=== Exercise input ===

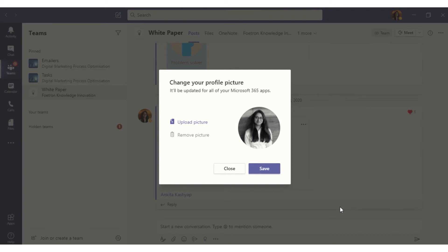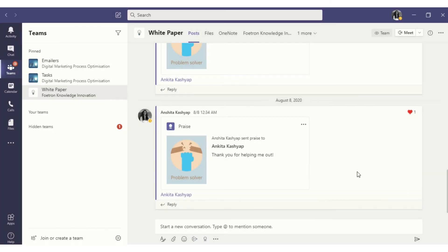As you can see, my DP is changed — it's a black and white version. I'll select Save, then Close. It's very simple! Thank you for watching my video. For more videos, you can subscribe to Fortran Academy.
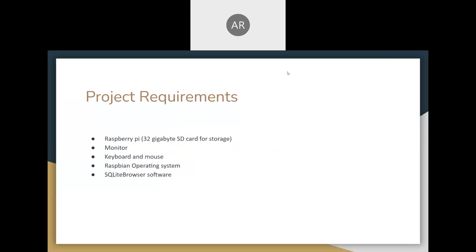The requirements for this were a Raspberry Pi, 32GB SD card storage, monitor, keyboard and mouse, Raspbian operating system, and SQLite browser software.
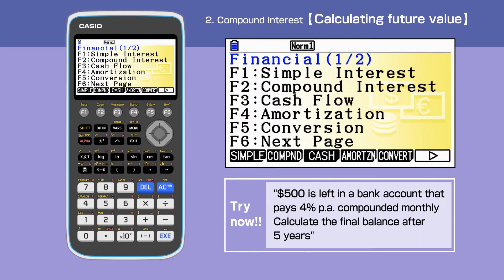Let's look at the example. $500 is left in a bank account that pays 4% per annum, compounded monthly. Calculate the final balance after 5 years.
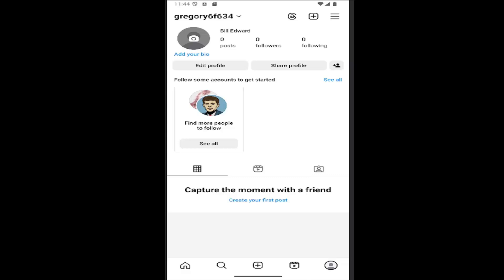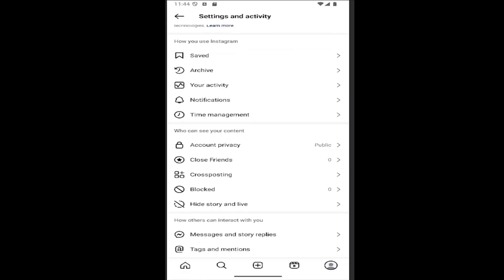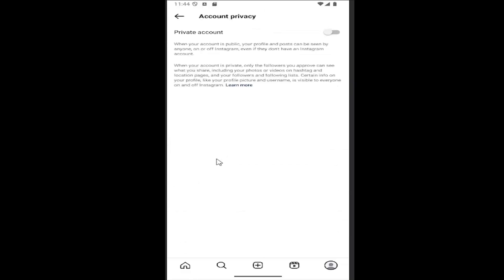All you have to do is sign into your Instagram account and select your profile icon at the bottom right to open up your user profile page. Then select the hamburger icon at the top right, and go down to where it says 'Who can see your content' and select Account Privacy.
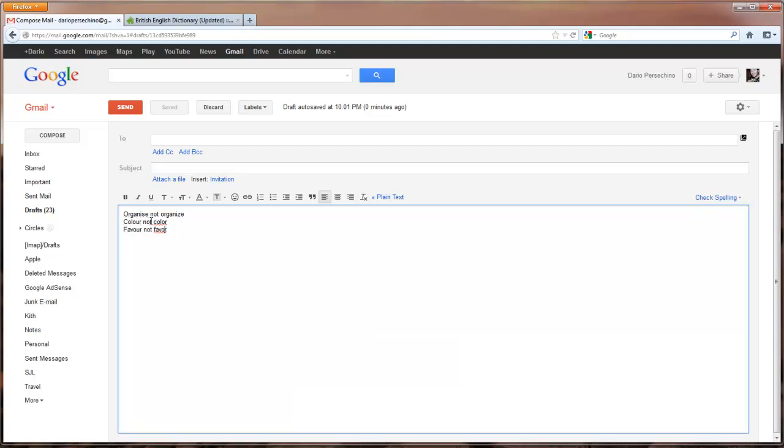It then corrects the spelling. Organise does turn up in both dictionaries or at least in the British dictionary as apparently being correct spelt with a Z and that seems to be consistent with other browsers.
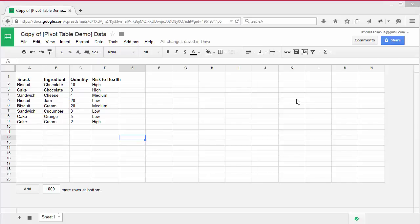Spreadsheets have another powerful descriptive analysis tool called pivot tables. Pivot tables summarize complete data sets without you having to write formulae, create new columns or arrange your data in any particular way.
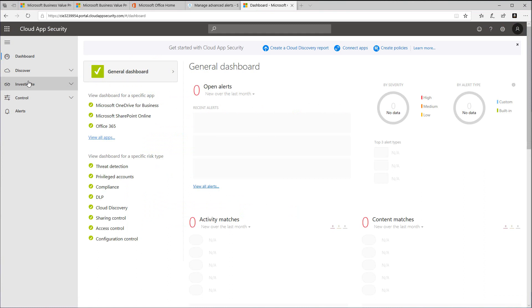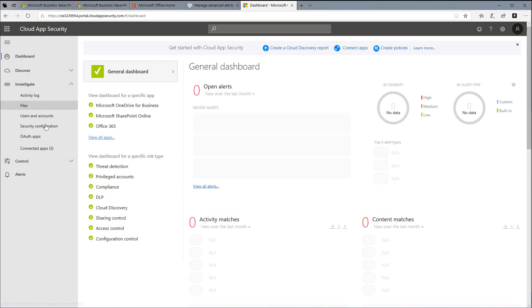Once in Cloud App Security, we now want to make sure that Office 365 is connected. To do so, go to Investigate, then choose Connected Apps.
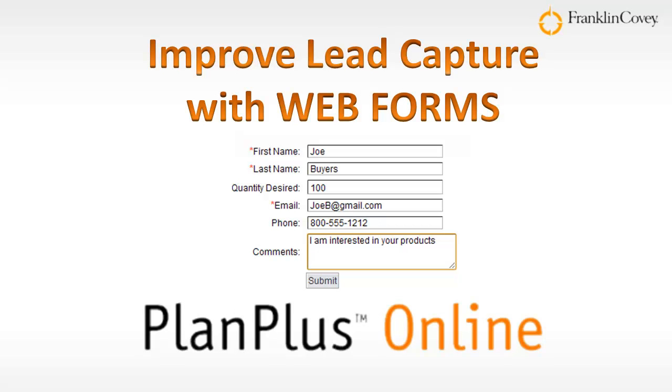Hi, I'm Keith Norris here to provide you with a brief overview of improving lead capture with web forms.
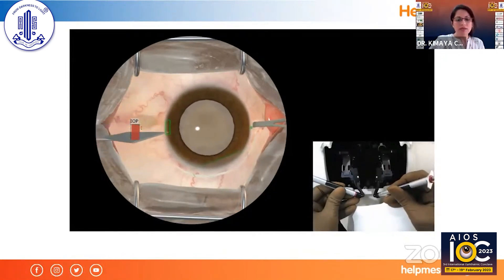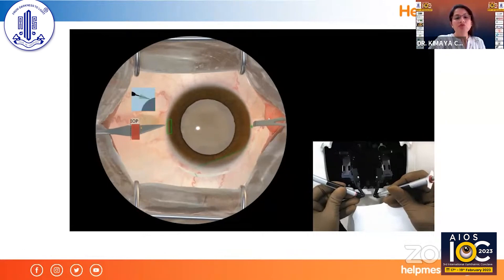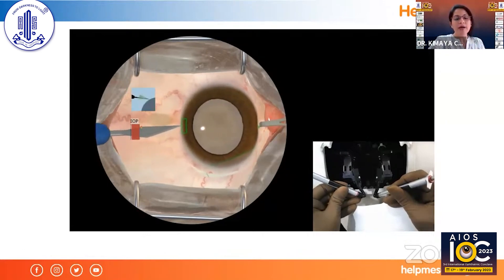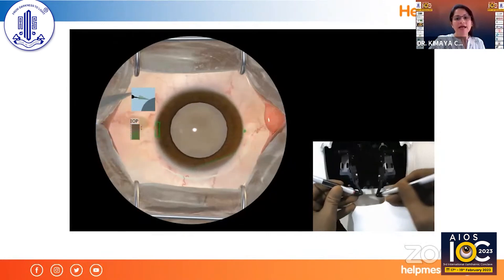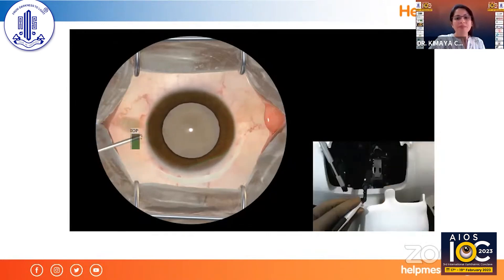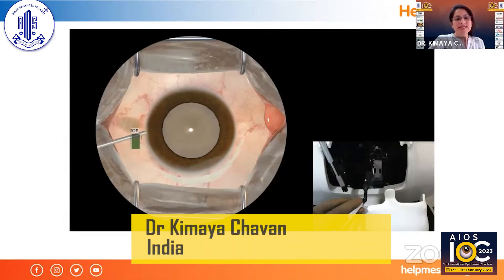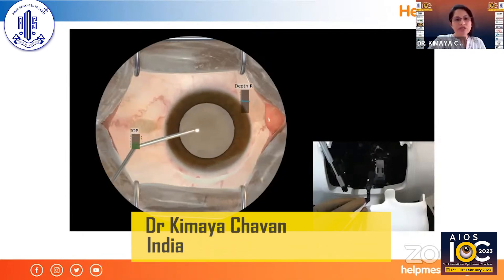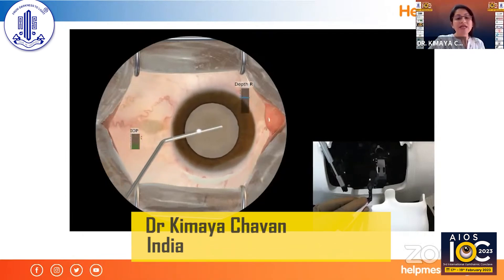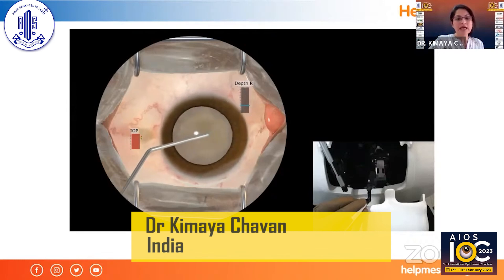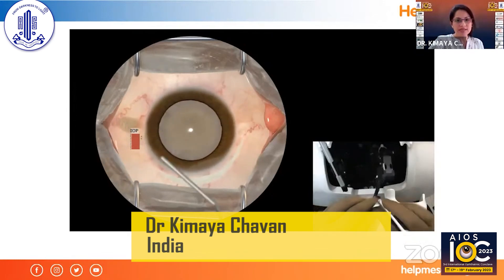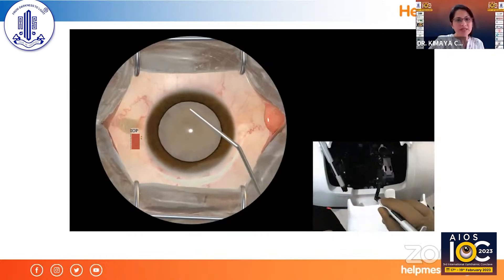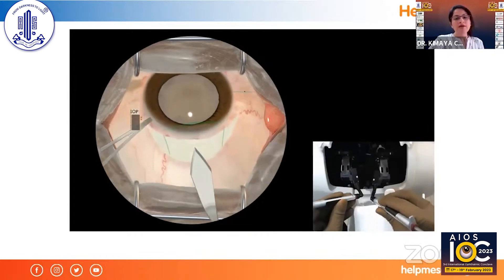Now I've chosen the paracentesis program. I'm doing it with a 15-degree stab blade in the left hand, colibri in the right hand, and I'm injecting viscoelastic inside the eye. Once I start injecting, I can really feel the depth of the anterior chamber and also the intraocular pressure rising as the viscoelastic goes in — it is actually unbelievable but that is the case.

===

_Activity_. Output the records above exactly as written, but leave out the pictures.

_Answer to the exercise_.
As you can see, my DP is changed — it's a black and white version. I'll select Save, then Close. It's very simple! Thank you for watching my video. For more videos, you can subscribe to Fortran Academy.
The requirements for this were a Raspberry Pi, 32GB SD card storage, monitor, keyboard and mouse, Raspbian operating system, and SQLite browser software.
Let's look at the example. $500 is left in a bank account that pays 4% per annum, compounded monthly. Calculate the final balance after 5 years.
All you have to do is sign into your Instagram account and select your profile icon at the bottom right to open up your user profile page. Then select the hamburger icon at the top right, and go down to where it says 'Who can see your content' and select Account Privacy.
It then corrects the spelling. Organise does turn up in both dictionaries or at least in the British dictionary as apparently being correct spelt with a Z and that seems to be consistent with other browsers.
Spreadsheets have another powerful descriptive analysis tool called pivot tables. Pivot tables summarize complete data sets without you having to write formulae, create new columns or arrange your data in any particular way.
Once in Cloud App Security, we now want to make sure that Office 365 is connected. To do so, go to Investigate, then choose Connected Apps.
Hi, I'm Keith Norris here to provide you with a brief overview of improving lead capture with web forms.
Now I've chosen the paracentesis program. I'm doing it with a 15-degree stab blade in the left hand, colibri in the right hand, and I'm injecting viscoelastic inside the eye. Once I start injecting, I can really feel the depth of the anterior chamber and also the intraocular pressure rising as the viscoelastic goes in — it is actually unbelievable but that is the case.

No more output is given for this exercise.